Brief
Which lines come from the start of the records through the line that holds "Система жидкостного охлаждения"? Write them out word for word.

(Saved entries)

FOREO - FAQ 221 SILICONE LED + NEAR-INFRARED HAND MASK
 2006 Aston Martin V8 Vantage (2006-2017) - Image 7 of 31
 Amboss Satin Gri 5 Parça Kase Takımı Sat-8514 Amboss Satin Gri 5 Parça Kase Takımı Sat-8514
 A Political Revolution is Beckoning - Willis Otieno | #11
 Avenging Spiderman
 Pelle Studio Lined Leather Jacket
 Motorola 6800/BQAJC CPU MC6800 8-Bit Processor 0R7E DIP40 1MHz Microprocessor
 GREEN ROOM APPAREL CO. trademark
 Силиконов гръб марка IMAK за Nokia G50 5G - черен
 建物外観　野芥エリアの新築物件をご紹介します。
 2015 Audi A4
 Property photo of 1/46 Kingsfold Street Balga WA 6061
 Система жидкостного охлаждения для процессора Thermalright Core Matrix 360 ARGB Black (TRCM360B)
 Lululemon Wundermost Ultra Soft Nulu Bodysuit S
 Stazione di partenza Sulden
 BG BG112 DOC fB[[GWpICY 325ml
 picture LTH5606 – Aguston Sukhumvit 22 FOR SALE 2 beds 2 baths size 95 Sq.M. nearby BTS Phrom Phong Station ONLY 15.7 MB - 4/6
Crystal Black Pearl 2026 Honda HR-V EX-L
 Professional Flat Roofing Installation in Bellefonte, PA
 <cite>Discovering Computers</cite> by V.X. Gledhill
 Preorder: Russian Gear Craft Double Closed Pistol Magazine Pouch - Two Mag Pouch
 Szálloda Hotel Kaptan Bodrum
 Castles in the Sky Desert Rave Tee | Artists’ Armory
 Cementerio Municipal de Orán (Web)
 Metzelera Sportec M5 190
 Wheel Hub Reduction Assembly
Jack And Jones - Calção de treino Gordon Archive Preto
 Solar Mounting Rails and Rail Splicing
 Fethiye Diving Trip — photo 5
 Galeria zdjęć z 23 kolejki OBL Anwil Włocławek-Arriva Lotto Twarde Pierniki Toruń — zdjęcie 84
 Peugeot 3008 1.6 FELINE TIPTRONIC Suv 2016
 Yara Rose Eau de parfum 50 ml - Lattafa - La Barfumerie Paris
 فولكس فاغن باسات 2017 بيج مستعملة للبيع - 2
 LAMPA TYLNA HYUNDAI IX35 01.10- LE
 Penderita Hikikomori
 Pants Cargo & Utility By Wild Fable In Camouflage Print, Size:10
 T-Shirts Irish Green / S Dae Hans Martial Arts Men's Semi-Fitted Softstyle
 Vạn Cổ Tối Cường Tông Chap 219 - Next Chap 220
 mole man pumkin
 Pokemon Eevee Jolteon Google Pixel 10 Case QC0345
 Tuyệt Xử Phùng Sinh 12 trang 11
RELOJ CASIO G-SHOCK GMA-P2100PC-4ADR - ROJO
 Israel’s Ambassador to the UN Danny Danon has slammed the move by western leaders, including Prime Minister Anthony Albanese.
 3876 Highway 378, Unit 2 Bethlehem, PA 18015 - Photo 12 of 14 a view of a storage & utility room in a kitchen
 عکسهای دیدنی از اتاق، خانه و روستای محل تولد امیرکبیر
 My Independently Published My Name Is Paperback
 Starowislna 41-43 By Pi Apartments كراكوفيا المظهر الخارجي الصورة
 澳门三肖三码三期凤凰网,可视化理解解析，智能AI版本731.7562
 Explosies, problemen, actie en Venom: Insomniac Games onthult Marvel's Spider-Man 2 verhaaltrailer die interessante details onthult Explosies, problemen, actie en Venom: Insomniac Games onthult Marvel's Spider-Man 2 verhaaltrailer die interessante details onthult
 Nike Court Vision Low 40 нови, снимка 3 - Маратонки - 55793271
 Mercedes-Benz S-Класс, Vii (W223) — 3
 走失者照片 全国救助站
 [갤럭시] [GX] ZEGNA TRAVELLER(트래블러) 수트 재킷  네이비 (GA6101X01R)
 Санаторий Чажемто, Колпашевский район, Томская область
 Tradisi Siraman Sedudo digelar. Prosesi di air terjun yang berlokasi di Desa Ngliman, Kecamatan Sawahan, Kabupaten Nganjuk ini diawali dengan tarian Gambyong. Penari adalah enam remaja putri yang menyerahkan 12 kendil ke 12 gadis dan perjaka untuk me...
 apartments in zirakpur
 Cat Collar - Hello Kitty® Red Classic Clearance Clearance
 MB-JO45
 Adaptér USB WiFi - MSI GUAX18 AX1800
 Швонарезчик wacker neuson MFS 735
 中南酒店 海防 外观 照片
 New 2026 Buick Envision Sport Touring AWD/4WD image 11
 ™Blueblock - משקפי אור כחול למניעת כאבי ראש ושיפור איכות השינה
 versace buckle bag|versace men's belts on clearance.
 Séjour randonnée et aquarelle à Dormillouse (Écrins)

Response for this exercise
FOREO - FAQ 221 SILICONE LED + NEAR-INFRARED HAND MASK
 2006 Aston Martin V8 Vantage (2006-2017) - Image 7 of 31
 Amboss Satin Gri 5 Parça Kase Takımı Sat-8514 Amboss Satin Gri 5 Parça Kase Takımı Sat-8514
 A Political Revolution is Beckoning - Willis Otieno | #11
 Avenging Spiderman
 Pelle Studio Lined Leather Jacket
 Motorola 6800/BQAJC CPU MC6800 8-Bit Processor 0R7E DIP40 1MHz Microprocessor
 GREEN ROOM APPAREL CO. trademark
 Силиконов гръб марка IMAK за Nokia G50 5G - черен
 建物外観　野芥エリアの新築物件をご紹介します。
 2015 Audi A4
 Property photo of 1/46 Kingsfold Street Balga WA 6061
 Система жидкостного охлаждения для процессора Thermalright Core Matrix 360 ARGB Black (TRCM360B)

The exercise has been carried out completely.